Chiede scusa, Marracash. Scusa, se il suo rap è peso, e se dà al rap un po’ di peso (in 20 Anni, pezzo manifesto del nuovo album). Scuse da rapper malandrino (“Sono un leader, non sono un boss”, canta in Vendetta), consapevole di essere il numero uno in Italia, il primo a fare auto fiction – mica ego trip – credibile con l’hip hop, abbandonando la post-ironia dei suoi colleghi e restituendo le rime al racconto generazionale (del disagio, in primis), lontano da social e tv, vicino al Blasco da cui eredita un pubblico crossover alla ricerca di un’identità e di uno specchio dei propri casini.
Perché Marra sa già di esserci ancora quando si abbasserà il grado alcolico del rap, dopo la grande sbronza da primo posto in classifica, e Status ne è la prova: grande lavoro di ricerca e innovazione sui beat delle basi, rime non banali e con metriche ben poco convenzionali. E soprattutto una sensibilità pop capace di far convivere Tiziano Ferro – Drake nostrano in Senza un Posto nel Mondo – e la promessa Achille Lauro, l’Old Dirty Bastard del collettivo Roccia Music di cui Marra è il capo.

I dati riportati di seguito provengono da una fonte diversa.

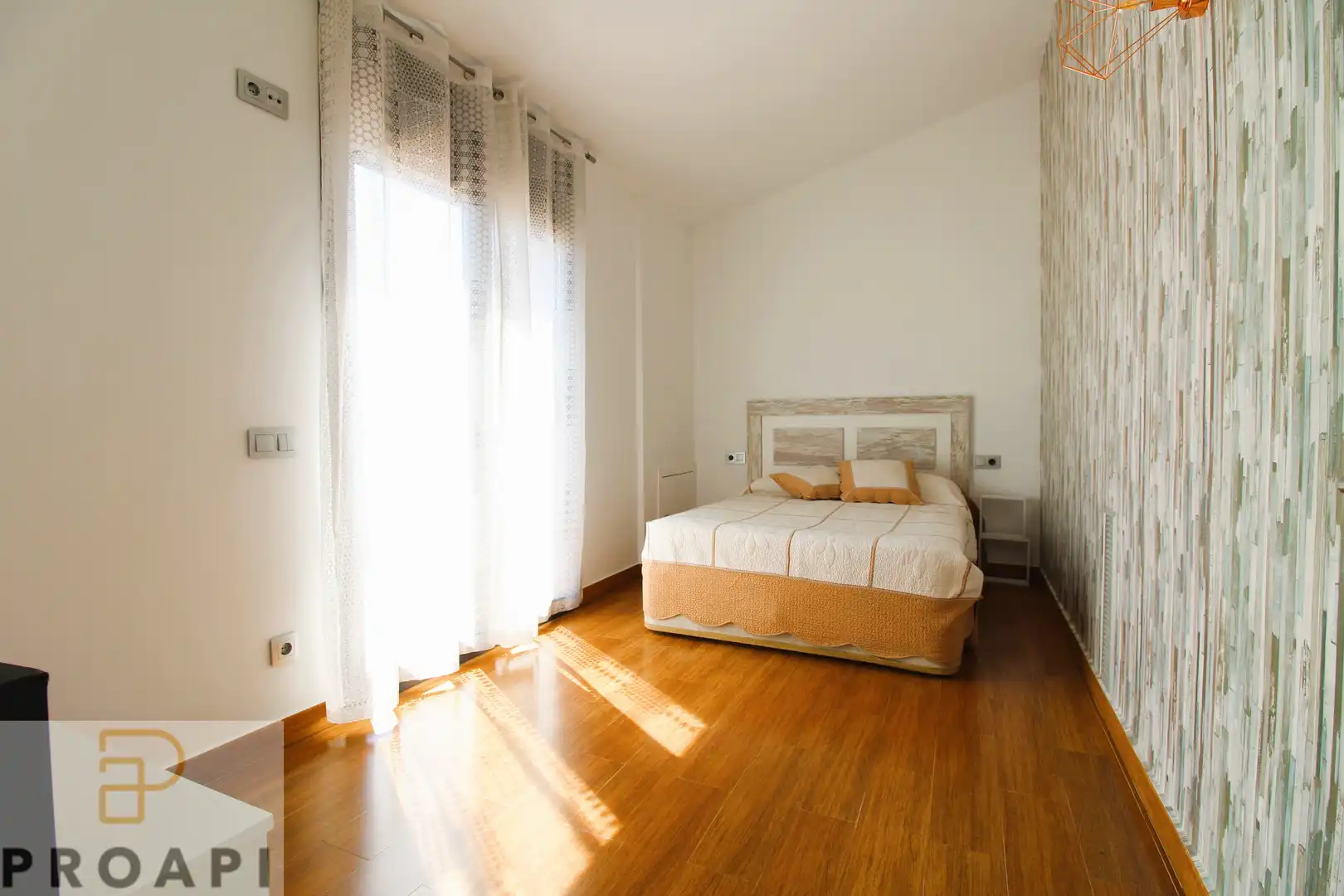 Schlafzimmer von Haus oder Chalet zum Verkauf in Fornells de la Selva mit Klimaanlage, Heizung und Privatgarten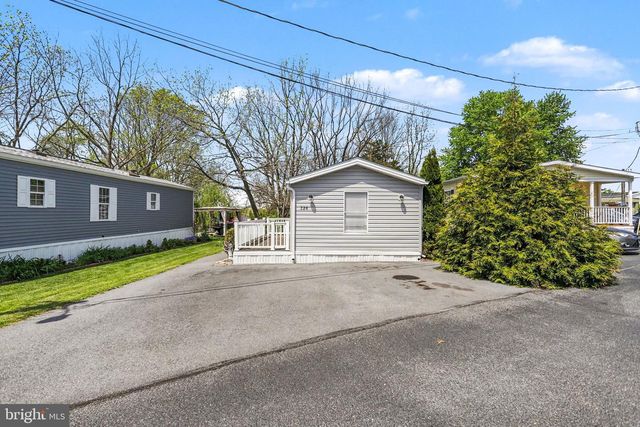 326 DON DR, New Holland, PA 17557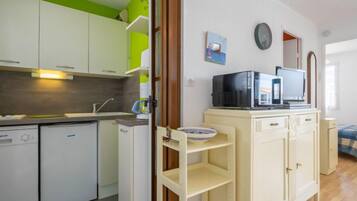 Réfrigérateur, lave-vaisselle, chaise haute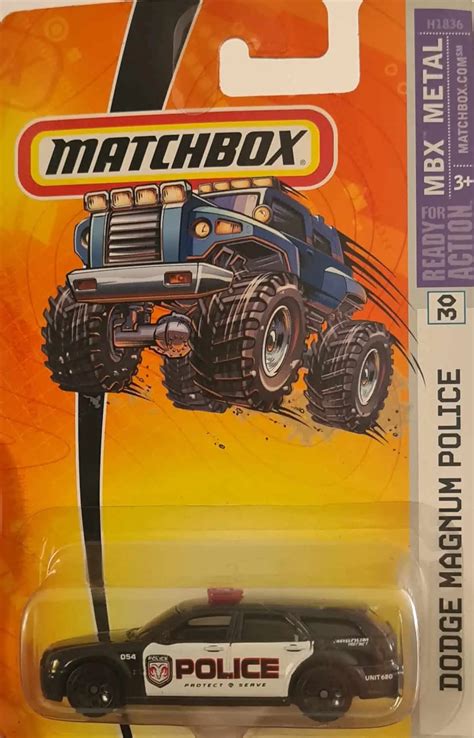 Matchbox Dodge Magnum Police Universo Hot Wheels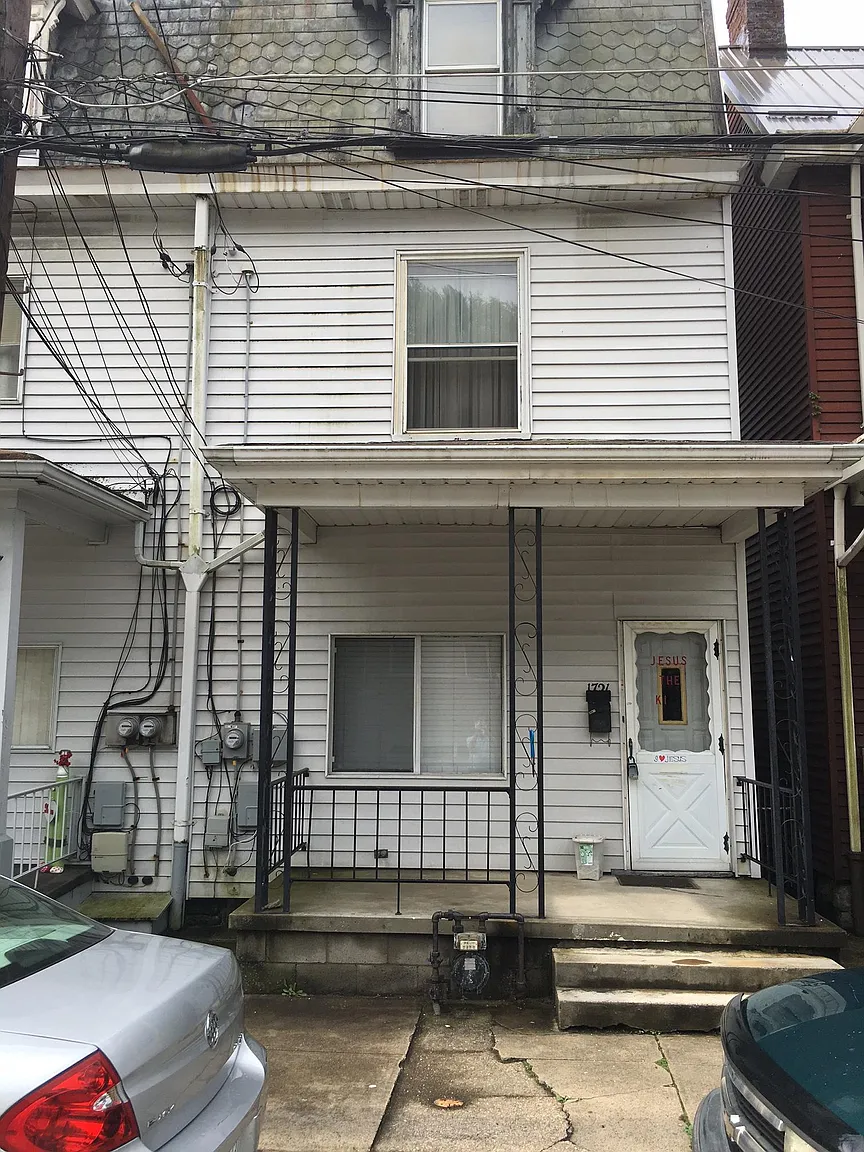 1721 S Canal St photo 1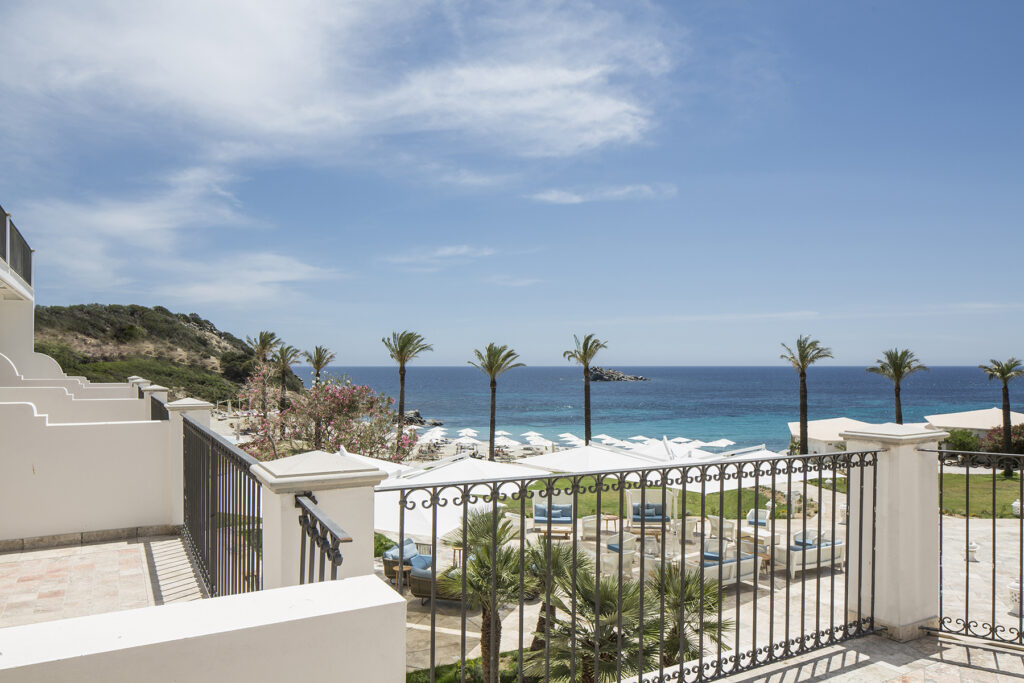 Blick von einer Terrasse auf en Strand und das Meer des Hotel Falkensteiner Capo Boi bei Villasimius - meer sardinien urlaub
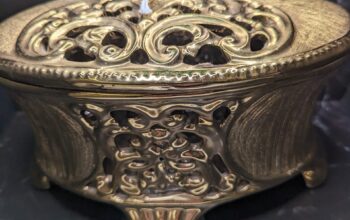 Vintage Jewelry Holder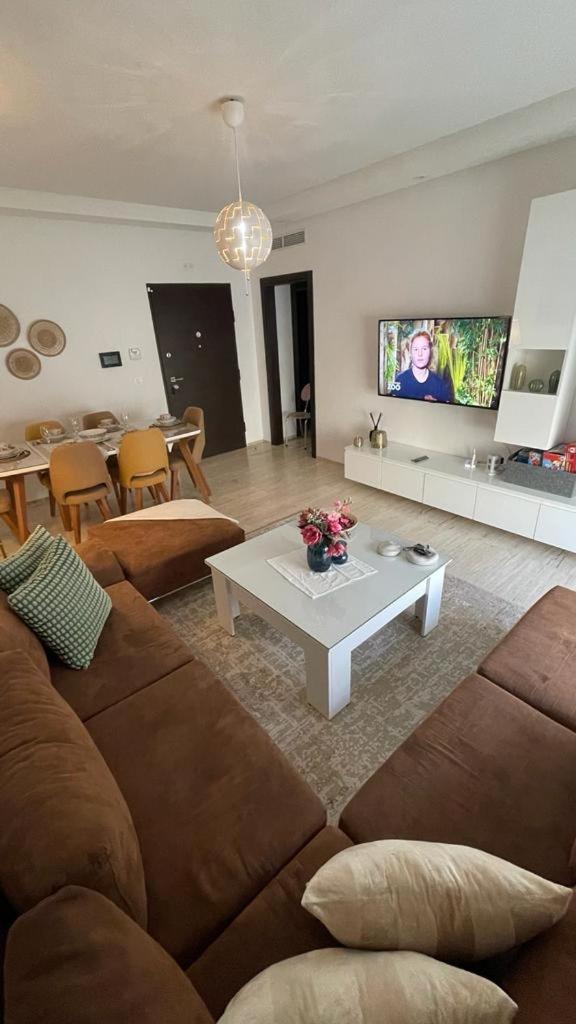 Schoene, Ruhige Neuwertige 127Qm Ferienwohnung Sidi Daoud Exterior photo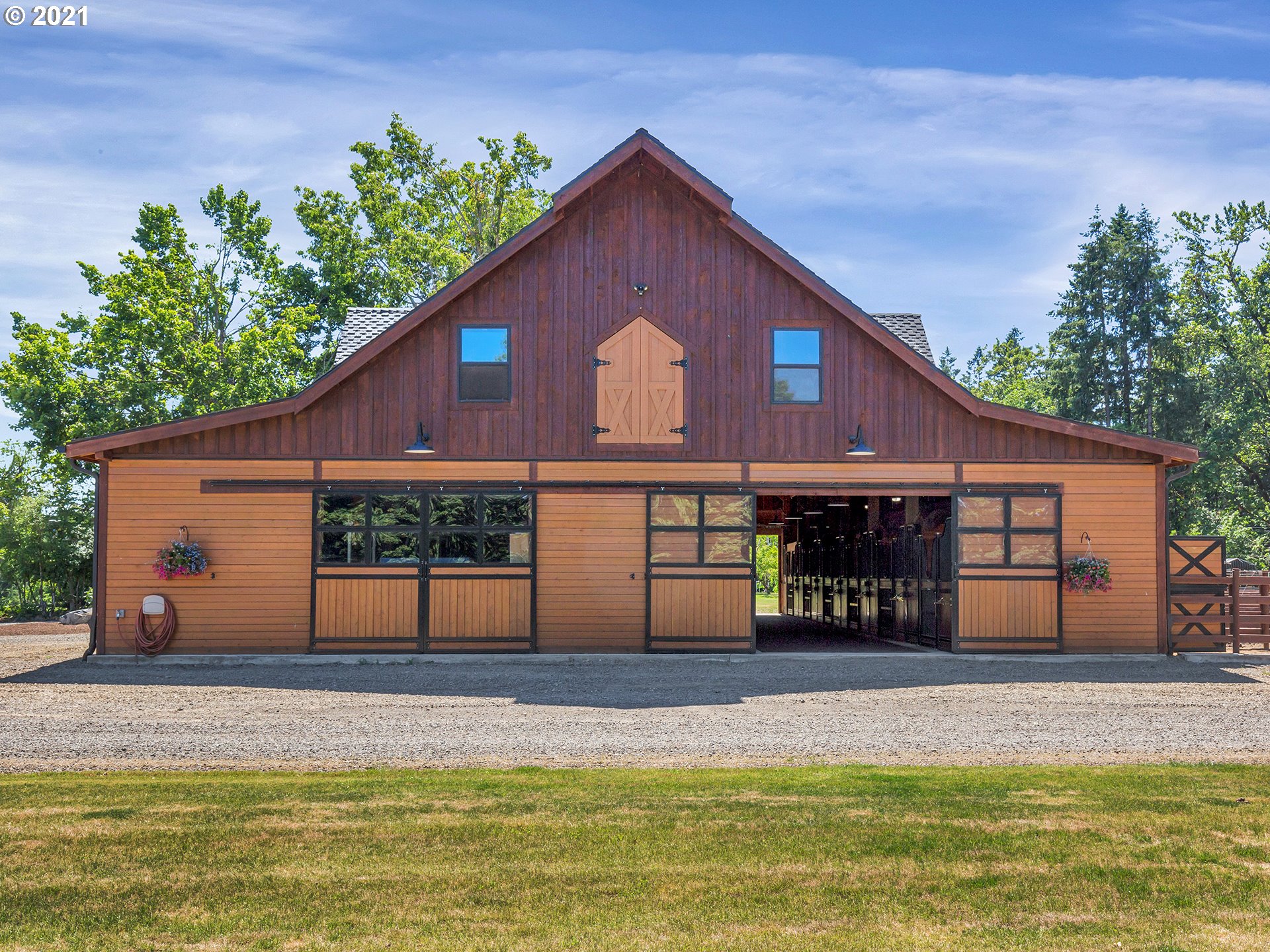 16096 Southwest Wilsonville Road Wilsonville, OR 97070 - Photo 21 of 32 a front view of a house with garden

Quando parla di dare al rap un peso, il rapper in questione intende prendere seriamente la faccenda, e basta. Non vuole essere né un maître à penser né un ribelle di professione. Solo un musicista ispirato e di peso, appunto. E con Status ha dimostrato di esserlo. Nota a margine non richiesta: nel disco di Marracash ci sono pure rime discutibili, pensieri retorici o non condivisibili, ma chi dal rap vuole un saggio di sociologia o una summa morale, allora è chiaro: non vuole il rap.